A Chinese general makes a quick stop in Islamabad, signs a couple of agreements and goes home. Routine or momentous?
The traveler was Gen. Xiong Guangkai, deputy chief of staff for intelligence and arguably China’s most important military figure. He first came to public notice in January 1996 when the New York Times reported his offhand threat to incinerate Los Angeles with nuclear weapons. Los Angeles is more valuable to America than Taipei, he told a former Clinton defense official. The general may well have given the “Go” signal to North Korea’s Taepodong I missile test in August 1998. Another Xiong visit, this time to Pyongyang, preceded the test by a few weeks. The multistage North Korean missile passed over Japanese territory and demonstrated an ability to strike parts of the United States.
The general is very good at what he does. Cultured, multilingual, as China’s top military spy, he cultivates Americans who think they are influencing him, instead of the other way around. Recently, he arranged to have a career military intelligence officer assigned as the top PLA officer at the Chinese Embassy in Washington. In the past, regular PLA staff officers have been the Defense Attaches here, but now Maj. Gen. Chen, from the PLA’s Second (Intelligence) Department, is Gen. Xiong’s man in Washington.
Putting Gen. Xiong’s signature, and not that of some lesser figure, on the agreements sends a number of important signals. First, it confirms to the Pakistani military the high regard Beijing has for them. By the same token, it sends a warning to countries in the region, primarily India and the Gulf states. Given the importance to Beijing of its military relations with Pakistan, having Gen. Xiong take the lead probably means he will at least survive, if not prosper, under the new Chinese Communist Party leadership changes later this year.
There were two agreements announced in Islamabad on March 12, a “defense cooperation” agreement and a “defense production” agreement. Allied intelligence services are undoubtedly going full bore to find out the details “Cooperation” against whom? Does this mean a de facto alliance? “Production” of what? Typically Chinese agreements of these kinds are multiyear and, typically, there are secret protocols, in the manner of the Molotov-von Ribbentrop Pact of 1939.
In January 1990, Iran and an element of the Chinese military signed a 10-year “defense technology transfer agreement.” This led to an aggressive, and lucrative, proliferation of chemical weapons, biological weapons, nuclear technology, ballistic missiles and advanced conventional weapons (cruise missiles) transferred from Beijing to Tehran. The Clinton administration was forced to sanction Chinese military companies several times for this illicit trade. At her confirmation hearing in January 1997, Secretary of State Madeleine Albright even admitted to Sen. Robert Bennett, Utah Republican, that Chinese military companies were selling germ warfare equipment to Iran.

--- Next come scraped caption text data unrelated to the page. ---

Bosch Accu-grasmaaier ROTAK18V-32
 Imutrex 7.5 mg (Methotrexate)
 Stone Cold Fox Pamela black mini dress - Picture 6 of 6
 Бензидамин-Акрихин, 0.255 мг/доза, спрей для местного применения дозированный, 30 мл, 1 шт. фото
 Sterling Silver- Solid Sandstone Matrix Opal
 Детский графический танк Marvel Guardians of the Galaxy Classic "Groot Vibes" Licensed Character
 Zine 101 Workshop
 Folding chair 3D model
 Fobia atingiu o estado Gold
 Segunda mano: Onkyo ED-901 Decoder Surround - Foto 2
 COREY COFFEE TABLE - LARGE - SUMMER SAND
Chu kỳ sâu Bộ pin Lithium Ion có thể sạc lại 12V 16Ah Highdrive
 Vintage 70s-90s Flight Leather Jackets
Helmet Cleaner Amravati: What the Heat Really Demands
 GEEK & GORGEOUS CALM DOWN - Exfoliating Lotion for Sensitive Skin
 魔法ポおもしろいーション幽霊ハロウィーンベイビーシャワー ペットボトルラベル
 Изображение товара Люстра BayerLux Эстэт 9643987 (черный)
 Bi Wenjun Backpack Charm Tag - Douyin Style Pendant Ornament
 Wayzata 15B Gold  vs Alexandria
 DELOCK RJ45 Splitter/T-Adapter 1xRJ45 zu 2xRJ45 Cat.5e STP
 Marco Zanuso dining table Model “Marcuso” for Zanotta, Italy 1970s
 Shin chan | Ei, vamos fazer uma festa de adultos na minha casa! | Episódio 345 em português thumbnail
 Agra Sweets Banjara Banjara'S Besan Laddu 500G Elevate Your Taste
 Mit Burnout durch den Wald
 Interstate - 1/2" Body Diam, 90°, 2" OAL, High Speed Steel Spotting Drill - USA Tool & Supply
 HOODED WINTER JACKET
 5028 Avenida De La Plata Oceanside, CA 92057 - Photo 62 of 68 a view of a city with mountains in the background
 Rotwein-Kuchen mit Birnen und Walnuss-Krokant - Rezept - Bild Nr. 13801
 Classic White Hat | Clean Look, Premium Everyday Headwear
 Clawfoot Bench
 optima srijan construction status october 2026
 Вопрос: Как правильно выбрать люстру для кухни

Pakistan’s strategic weapons program simply would not exist without vigorous Chinese participation. Beijing has been instrumental with regard to the nuclear fissile materials, weaponization and the ballistic missile delivery system. Following on from the Iranian example, there is much more in the PLA inventory that could be transferred to make South Asia an even more dangerous place ballistic missile upgrades, biological warfare equipment and technology, cruise missiles, chemical weapons equipment and technology, information warfare techniques and so on.
One wonders how Pakistan will pay for the new Chinese arms and military technology increase taxes on the people of Pakistan or some other way? Pakistan wants renewed access to Western military hardware. Export control officers in Western countries will wonder if anything transferred to Pakistan will remain in country or if it will be passed to Beijing in part-payment of Pakistan’s arms debts.
The PRC is clearly the biggest winner here. It cements the relationship between the PLA and the Pakistani military officials who run the country. If, as many Indians believe, the PRC has a Grand Design to surround and strangle India, these agreements certainly would further such a plan. Much as the Gulf might like to show Islamic solidarity to Pakistan, forward-looking officials there must be equally concerned about the long-term implications of these agreements.
Pakistan and the Pakistani people are just as clearly the biggest losers. After September 11 and with the military cooperation regarding Afghanistan, the Americans had looked for a course change in Pakistani politics. We had hoped that Pakistan’s political and military leadership would see the wisdom of a sharp break with the past. Pakistan should be tying its future to the world grouping of moderate and democratic countries, not aligning itself with the likes of anti-democratic regimes in China, North Korea, Burma and Cambodia.
In Goethe’s classic, “Faust,” a proud and ambitious man sold his own soul to the Prince of Darkness in order to gain power on earth. President Musharraf has pledged the future of his entire country to Gen. Xiong.
William C. Triplett II, a defense specialist, is completing a book on Taiwan.